Welcome

Jacques Tassin

On the Invasion of Species Publication date : February 13, 2014

Jacques Tassin is a researcher in the Environment and Society department of CIRAD, a French research centre working on international agricultural and development issues.

The Nile perch, which is widely available in supermarkets and restaurants, is a typical example of an invasive species. A few years after its introduction into Lake Victoria, all the small local species had disappeared — as had the small-scale, family-run fishing industry. Introducing a few rabbits in Australia resulted in the devastation of millions of acres of land and a major ecological catastrophe. Certain tropical plants have become rampant in the Northern Hemisphere.
Because it is feared, biological invasion is a subject of public concern, one that Jacques Tassin examines dispassionately from a scientific angle. After all, maize and tomatoes — invasive species originally brought to Europe from South America — are no longer regarded as harmful. And where does such a narrow approach come from which sees ‘nature’ as a collection of well-ordered ecosystems that have existed for all eternity?

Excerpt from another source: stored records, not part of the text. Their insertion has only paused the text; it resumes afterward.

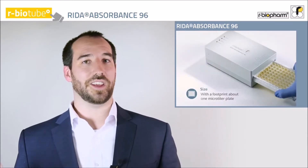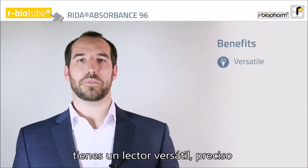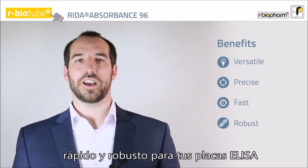You see, size doesn't matter. With a footprint of just about one microtiter plate, you have a versatile, precise, fast, and robust reader for your ELISA plates.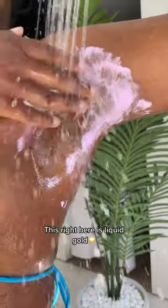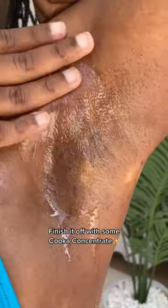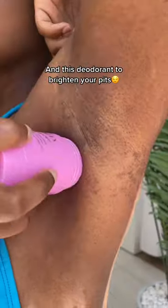This right here is liquid gold. It's a pigment treatment that fades any darkness or discoloration. Finish it off with some coca concentrate and this deodorant that was made to brighten your pits.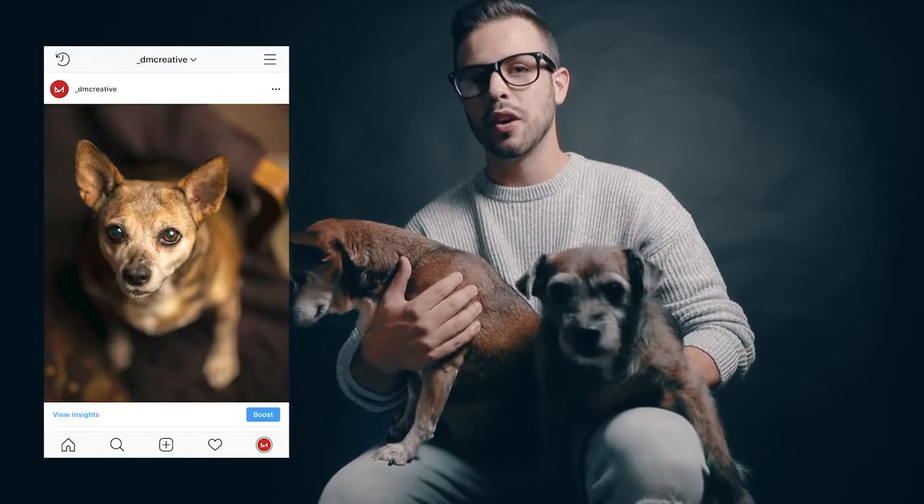So today we're going to take your pet pics from this to this with 10 cheap, easy, or even free hacks that you can do right away.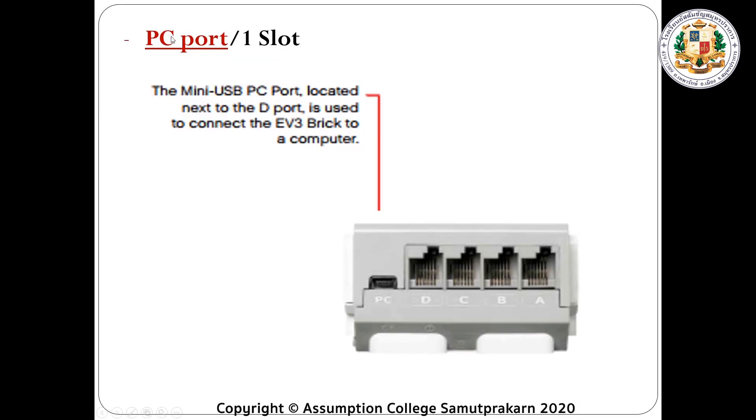Next, we have the PC port, of course with one slot. This is the smallest port, which is beside port D. This one is used to connect your EV3 brick to the computer using a USB cable.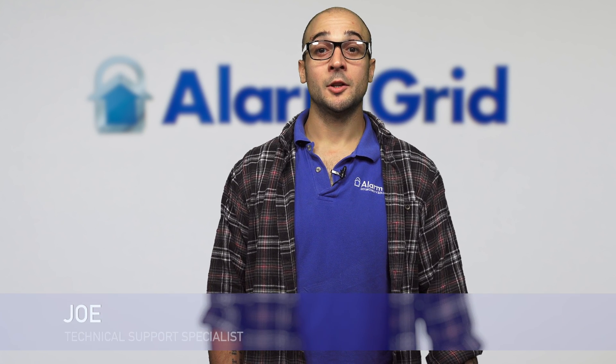Hi, DIYers. Joe here from Alarm Grid. And today, we're going to talk about how to interface a Lyric security system as a secondary controller on a Z-Wave network.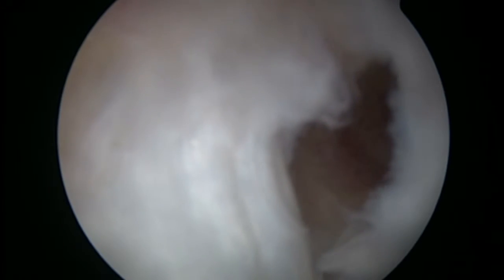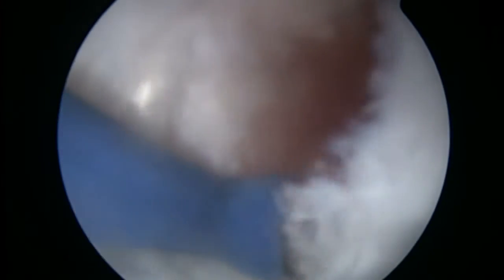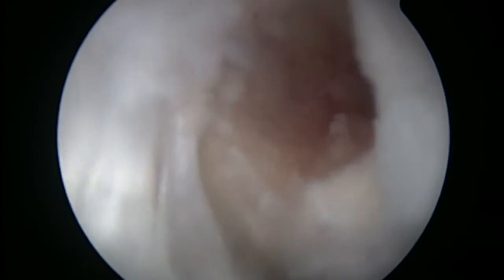After a bit more cleaning on the femoral side, you can see the femoral hole where the graft is going to sit. It is nice and clean — we are taking off any rough edges so there is nothing rough rubbing over the graft once it passes into the hole. This is a small procedure, taking about one and a half to two hours.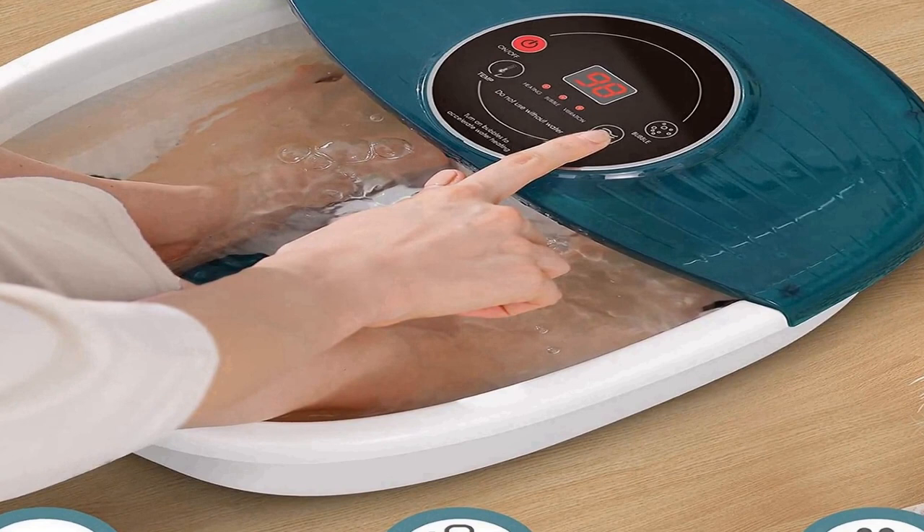Simple operation and thoughtful design: the spa foot massager is designed with a convenient LED control panel which allows you to control all functions as you need — anyone can easily operate it. Suitable as a gift for parents and friends. The storage box can hold the foot spa materials you want.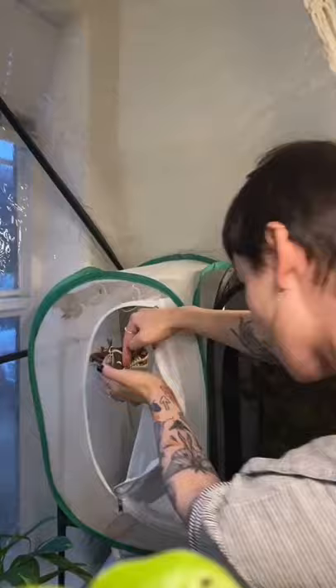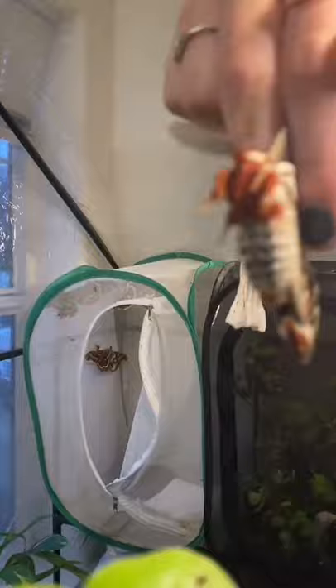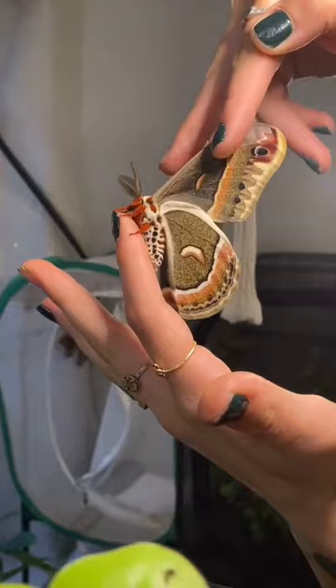I grip the wings between my fingers flat like this, so that I'm not rubbing, and just put enough pressure to keep them still. If you were to rub their wings or grip them too roughly it would hurt them, but I'm trained on how to do it properly so that it doesn't cause any damage.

Not only do animal and plant species continue to evolve but global exchanges and climate change have turned biological invasion into a natural phenomenon, even if in most cases it is caused by humans.
The key to the problem would appear to lie in abandoning an idealised, rather romantic and never-changing Nature in favour of one that is under constant renewal, healthily managed and mastered. Not all so-called invasive species are harmful and for everyone’s sake it is important to accompany rather than fight environmental change. The war of the species will not take place.

• Setting aside irrational, emotional reactions, the author looks at invasive species from the scientific angle.
• We must give up a romanticised view of nature and focus on mastering environmental change.